> **WHAT THE EXERCISE ASKS**
Leaving out all pictures, write out word for word the lines from the one containing "Pacific bird refuge" to the end of the data below.

*** Begin section ***

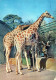 GIRAFFE Animals Vintage Postcard CPSM #PBS953.GB - Giraffe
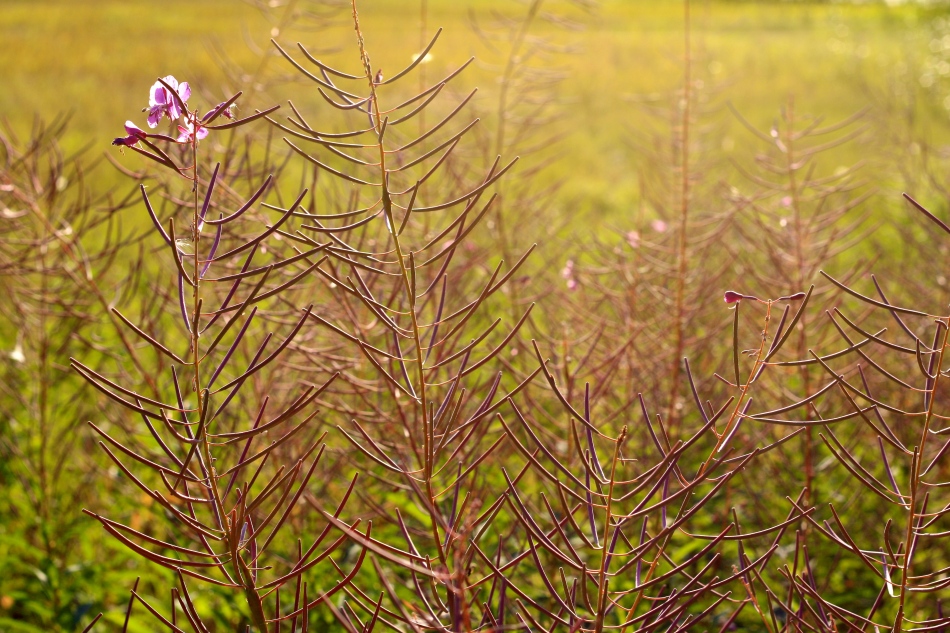 Fireweed and the light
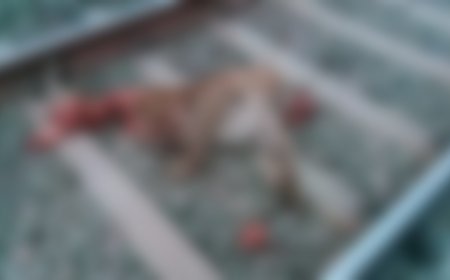 दौंड मध्ये रेल्वेच्या धडकेत बिबट्याचा मृत्यू ! रविवारी पहाटे घडली घटना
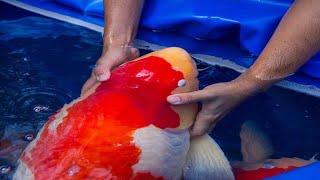 The Most Expensive Koi Fish In The World!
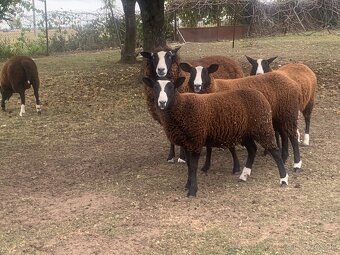 Zwartbles - ovce - 7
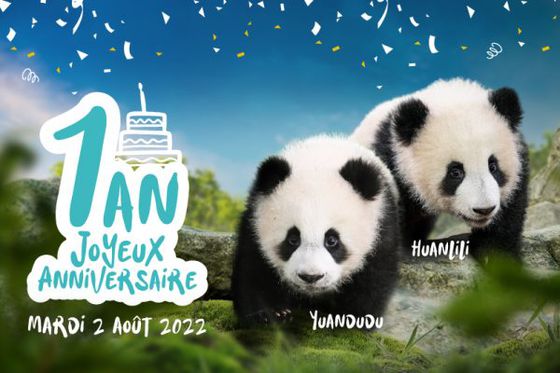 Des festivités pour le 1er anniversaire des jumelles panda !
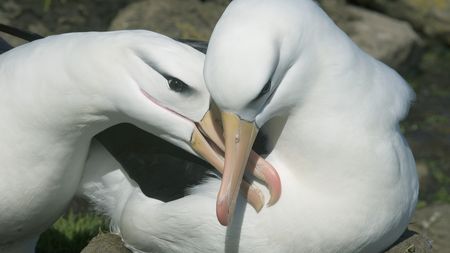 Pacific bird refuge struggles as ocean garbage patch grows - CGTN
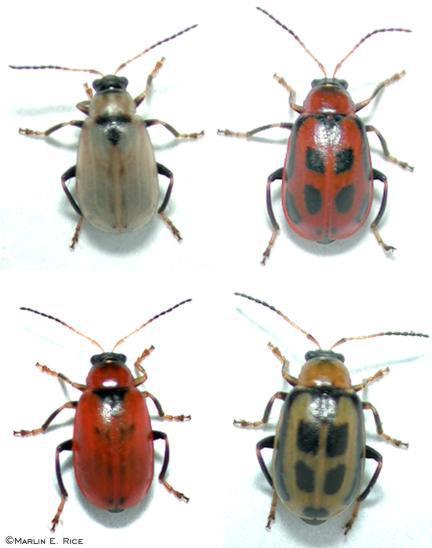 Bean leaf beetle Order Coleoptera Economic Impact vegetative part destruction on bean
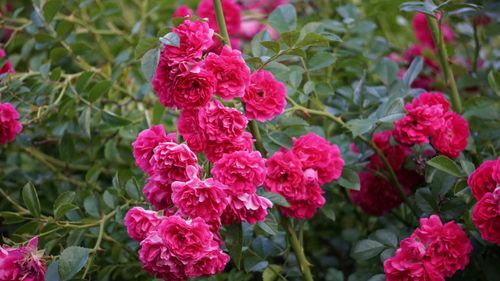 Free Close-up of vibrant pink roses blooming in a lush green garden. Stock Photo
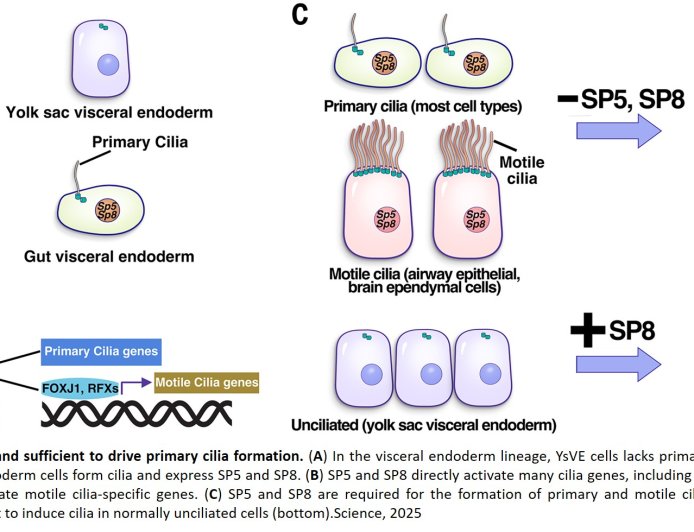 Controlling cilia formation in mammalian embryos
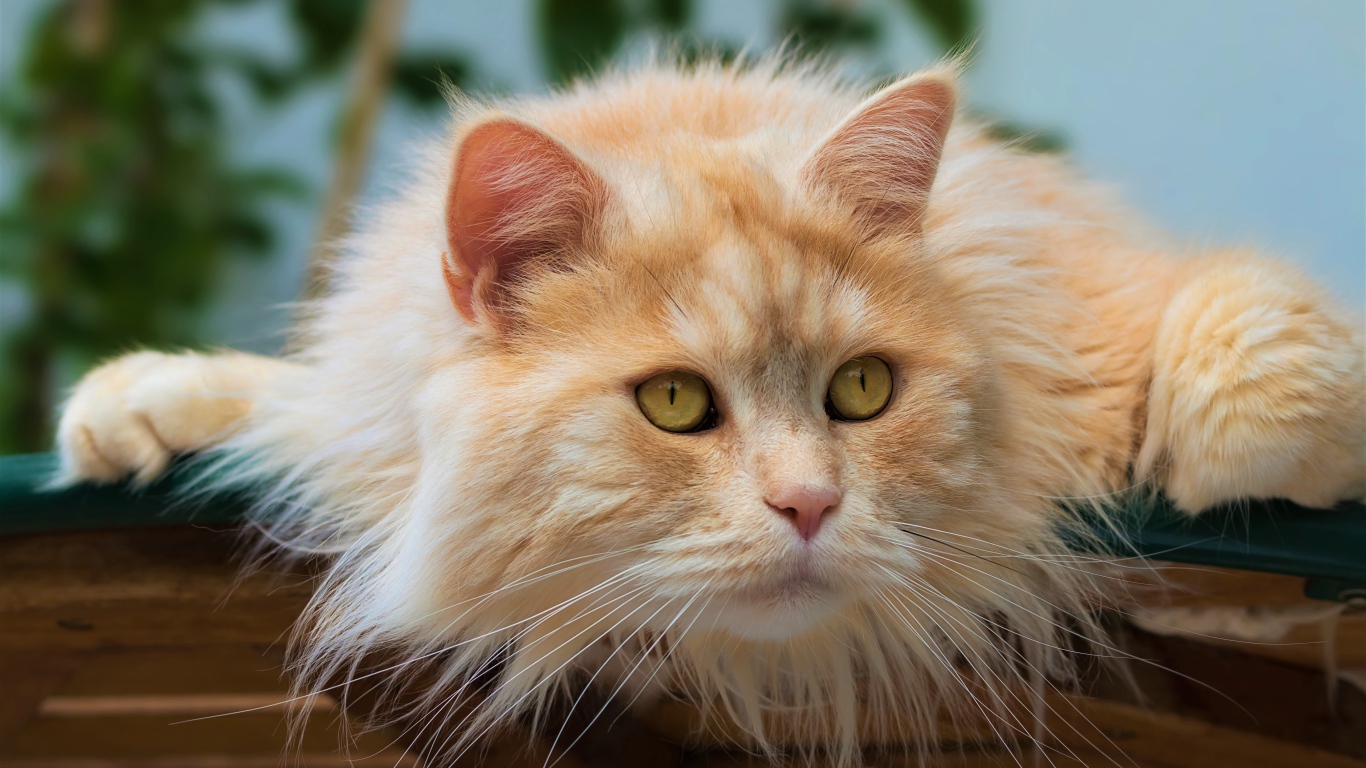 Красивый пушистый рыжий кот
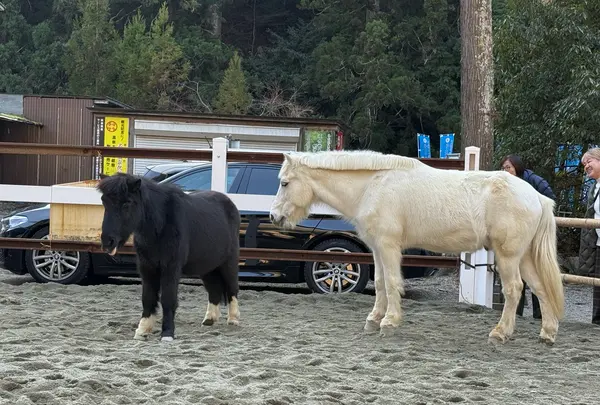 丹生川上神社下社 一之鳥居の写真・動画_image_802456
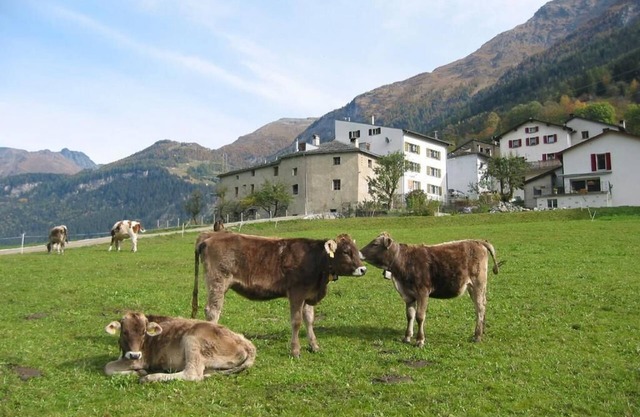 Holiday house San Carlo for 2 - 12 persons with 3 bedrooms - Farmhouse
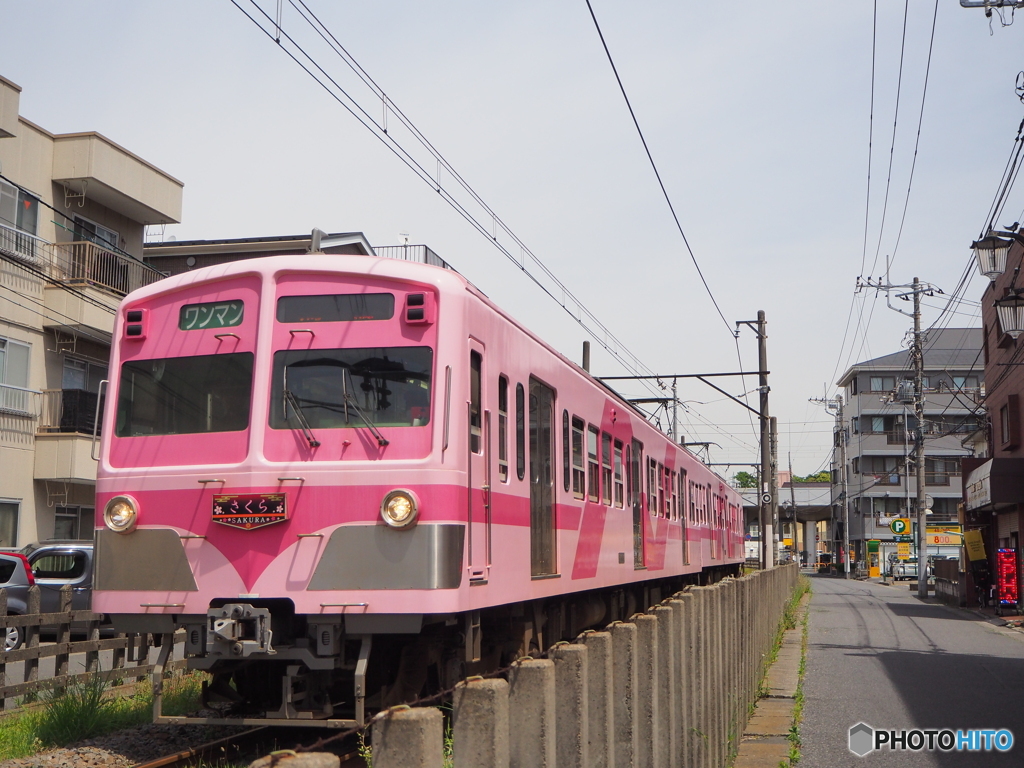 流電さくら号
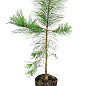 Сосна Орегонская (Рinus ponderosa) С10, высота 100-130см
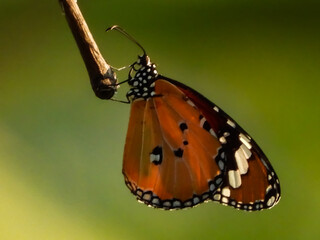 butterfly on leaf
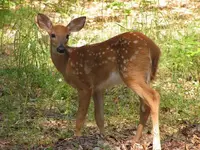 fawn.webp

*** End section ***

> **RESPONSE**
 Pacific bird refuge struggles as ocean garbage patch grows - CGTN
 Bean leaf beetle Order Coleoptera Economic Impact vegetative part destruction on bean
 Free Close-up of vibrant pink roses blooming in a lush green garden. Stock Photo
 Controlling cilia formation in mammalian embryos
 Красивый пушистый рыжий кот
 丹生川上神社下社 一之鳥居の写真・動画_image_802456
 Holiday house San Carlo for 2 - 12 persons with 3 bedrooms - Farmhouse
 流電さくら号
 Сосна Орегонская (Рinus ponderosa) С10, высота 100-130см
 butterfly on leaf
 fawn.webp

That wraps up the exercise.